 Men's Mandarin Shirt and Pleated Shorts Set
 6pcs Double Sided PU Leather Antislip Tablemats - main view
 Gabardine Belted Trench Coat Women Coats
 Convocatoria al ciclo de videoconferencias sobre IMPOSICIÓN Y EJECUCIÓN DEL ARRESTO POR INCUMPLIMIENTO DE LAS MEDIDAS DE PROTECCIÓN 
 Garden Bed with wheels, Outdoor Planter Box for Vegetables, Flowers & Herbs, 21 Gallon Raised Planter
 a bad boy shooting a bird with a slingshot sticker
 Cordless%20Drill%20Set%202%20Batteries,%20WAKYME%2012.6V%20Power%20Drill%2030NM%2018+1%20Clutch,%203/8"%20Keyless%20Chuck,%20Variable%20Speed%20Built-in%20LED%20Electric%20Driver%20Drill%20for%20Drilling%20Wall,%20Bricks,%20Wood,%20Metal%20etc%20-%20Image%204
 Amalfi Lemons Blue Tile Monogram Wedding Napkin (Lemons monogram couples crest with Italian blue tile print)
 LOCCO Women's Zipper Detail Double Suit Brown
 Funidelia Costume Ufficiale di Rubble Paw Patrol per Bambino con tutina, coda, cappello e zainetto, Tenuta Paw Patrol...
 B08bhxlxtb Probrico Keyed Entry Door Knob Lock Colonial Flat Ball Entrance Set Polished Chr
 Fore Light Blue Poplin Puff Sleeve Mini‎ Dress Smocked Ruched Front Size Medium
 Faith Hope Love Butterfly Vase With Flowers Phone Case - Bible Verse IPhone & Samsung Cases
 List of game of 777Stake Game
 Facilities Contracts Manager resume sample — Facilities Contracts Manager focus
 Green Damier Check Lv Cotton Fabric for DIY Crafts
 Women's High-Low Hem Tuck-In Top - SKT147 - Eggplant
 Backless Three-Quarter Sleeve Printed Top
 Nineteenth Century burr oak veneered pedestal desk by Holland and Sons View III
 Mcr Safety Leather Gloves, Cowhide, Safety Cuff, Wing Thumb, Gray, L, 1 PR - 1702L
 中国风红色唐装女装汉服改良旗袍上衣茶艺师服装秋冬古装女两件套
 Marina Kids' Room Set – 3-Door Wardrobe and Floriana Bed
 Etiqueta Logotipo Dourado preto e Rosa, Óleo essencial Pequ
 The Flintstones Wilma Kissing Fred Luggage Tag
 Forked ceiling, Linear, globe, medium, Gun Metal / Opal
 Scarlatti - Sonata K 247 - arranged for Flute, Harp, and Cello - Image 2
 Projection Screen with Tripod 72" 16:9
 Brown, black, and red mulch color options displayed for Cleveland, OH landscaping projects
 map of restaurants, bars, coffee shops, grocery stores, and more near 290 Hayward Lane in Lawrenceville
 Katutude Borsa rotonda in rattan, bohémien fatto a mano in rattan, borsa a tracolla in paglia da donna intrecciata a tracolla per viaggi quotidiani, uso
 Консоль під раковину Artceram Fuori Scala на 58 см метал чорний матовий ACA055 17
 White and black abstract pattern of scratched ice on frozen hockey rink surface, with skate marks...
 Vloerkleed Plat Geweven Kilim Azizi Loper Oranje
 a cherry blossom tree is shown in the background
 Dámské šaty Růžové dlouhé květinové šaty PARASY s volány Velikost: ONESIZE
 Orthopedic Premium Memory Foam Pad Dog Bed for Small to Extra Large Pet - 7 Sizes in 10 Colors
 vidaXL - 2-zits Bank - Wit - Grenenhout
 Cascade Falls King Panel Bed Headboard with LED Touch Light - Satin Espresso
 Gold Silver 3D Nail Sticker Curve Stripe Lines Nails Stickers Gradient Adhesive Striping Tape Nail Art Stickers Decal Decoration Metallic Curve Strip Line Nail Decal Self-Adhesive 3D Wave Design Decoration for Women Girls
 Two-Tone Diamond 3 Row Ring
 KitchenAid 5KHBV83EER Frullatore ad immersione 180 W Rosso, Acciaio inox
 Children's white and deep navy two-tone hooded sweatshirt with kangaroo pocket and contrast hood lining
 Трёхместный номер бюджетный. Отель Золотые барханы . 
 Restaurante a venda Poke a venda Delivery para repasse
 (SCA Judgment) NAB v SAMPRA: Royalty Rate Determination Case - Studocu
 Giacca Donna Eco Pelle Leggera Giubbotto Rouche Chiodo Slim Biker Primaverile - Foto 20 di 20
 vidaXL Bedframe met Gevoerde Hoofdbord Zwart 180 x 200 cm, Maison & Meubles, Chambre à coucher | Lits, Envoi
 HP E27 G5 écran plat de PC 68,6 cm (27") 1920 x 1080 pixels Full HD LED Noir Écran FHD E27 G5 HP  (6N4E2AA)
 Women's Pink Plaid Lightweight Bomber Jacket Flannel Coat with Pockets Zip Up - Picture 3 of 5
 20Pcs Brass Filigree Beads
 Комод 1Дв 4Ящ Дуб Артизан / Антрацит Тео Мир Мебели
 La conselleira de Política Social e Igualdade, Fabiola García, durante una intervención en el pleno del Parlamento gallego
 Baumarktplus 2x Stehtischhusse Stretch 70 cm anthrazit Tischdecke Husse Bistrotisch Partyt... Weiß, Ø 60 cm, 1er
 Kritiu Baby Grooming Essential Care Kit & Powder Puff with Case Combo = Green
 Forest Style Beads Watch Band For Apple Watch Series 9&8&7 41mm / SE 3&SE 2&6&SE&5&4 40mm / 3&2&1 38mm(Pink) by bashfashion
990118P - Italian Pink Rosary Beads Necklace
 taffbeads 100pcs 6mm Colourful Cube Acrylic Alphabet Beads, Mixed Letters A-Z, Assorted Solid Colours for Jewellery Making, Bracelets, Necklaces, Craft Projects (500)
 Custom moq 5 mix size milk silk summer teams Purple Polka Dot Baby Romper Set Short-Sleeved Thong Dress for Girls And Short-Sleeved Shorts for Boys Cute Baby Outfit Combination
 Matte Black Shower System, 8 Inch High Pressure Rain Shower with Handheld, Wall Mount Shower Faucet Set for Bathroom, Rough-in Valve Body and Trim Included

> **Work instructions**:
Write down again the exact lines running from the beginning of the data to the line containing "Backless Three-Quarter Sleeve Printed Top", with both ends included.

> **Answer section**:
 Men's Mandarin Shirt and Pleated Shorts Set
 6pcs Double Sided PU Leather Antislip Tablemats - main view
 Gabardine Belted Trench Coat Women Coats
 Convocatoria al ciclo de videoconferencias sobre IMPOSICIÓN Y EJECUCIÓN DEL ARRESTO POR INCUMPLIMIENTO DE LAS MEDIDAS DE PROTECCIÓN 
 Garden Bed with wheels, Outdoor Planter Box for Vegetables, Flowers & Herbs, 21 Gallon Raised Planter
 a bad boy shooting a bird with a slingshot sticker
 Cordless%20Drill%20Set%202%20Batteries,%20WAKYME%2012.6V%20Power%20Drill%2030NM%2018+1%20Clutch,%203/8"%20Keyless%20Chuck,%20Variable%20Speed%20Built-in%20LED%20Electric%20Driver%20Drill%20for%20Drilling%20Wall,%20Bricks,%20Wood,%20Metal%20etc%20-%20Image%204
 Amalfi Lemons Blue Tile Monogram Wedding Napkin (Lemons monogram couples crest with Italian blue tile print)
 LOCCO Women's Zipper Detail Double Suit Brown
 Funidelia Costume Ufficiale di Rubble Paw Patrol per Bambino con tutina, coda, cappello e zainetto, Tenuta Paw Patrol...
 B08bhxlxtb Probrico Keyed Entry Door Knob Lock Colonial Flat Ball Entrance Set Polished Chr
 Fore Light Blue Poplin Puff Sleeve Mini‎ Dress Smocked Ruched Front Size Medium
 Faith Hope Love Butterfly Vase With Flowers Phone Case - Bible Verse IPhone & Samsung Cases
 List of game of 777Stake Game
 Facilities Contracts Manager resume sample — Facilities Contracts Manager focus
 Green Damier Check Lv Cotton Fabric for DIY Crafts
 Women's High-Low Hem Tuck-In Top - SKT147 - Eggplant
 Backless Three-Quarter Sleeve Printed Top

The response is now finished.